▸ THE DATA
BEGIN
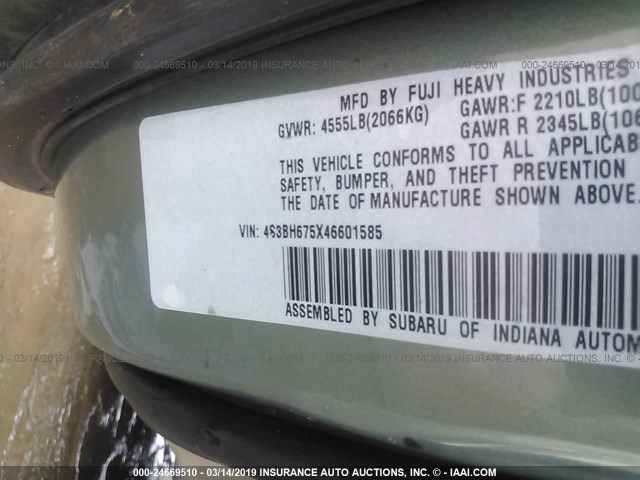 4S3BH675X46601585 - 2004 SUBARU LEGACY OUTBACK AWP 绿色 照片 9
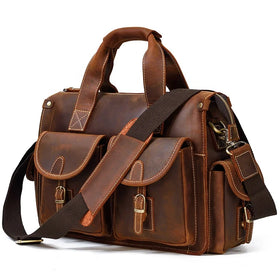 Luxury Genuine Custom Logo Briefcases Men Leather High End Business Bag Crazy Horse Leather Briefcase
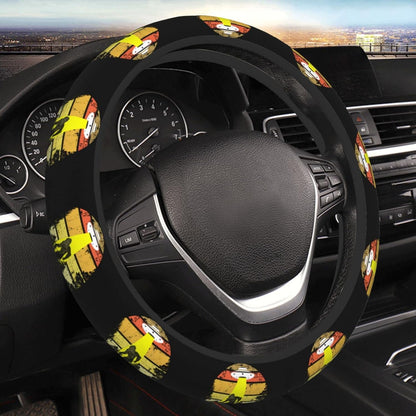 Bigfoot Steering Wheel Cover Sasquatch Bigfoot With UFO Driving Wheel Cover Black Yellow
END
▸ PROBLEM TO SOLVE
Repeat the data above in full and exactly. Omit every image.

▸ TASK OUTPUT
 4S3BH675X46601585 - 2004 SUBARU LEGACY OUTBACK AWP 绿色 照片 9
 Luxury Genuine Custom Logo Briefcases Men Leather High End Business Bag Crazy Horse Leather Briefcase
 Bigfoot Steering Wheel Cover Sasquatch Bigfoot With UFO Driving Wheel Cover Black Yellow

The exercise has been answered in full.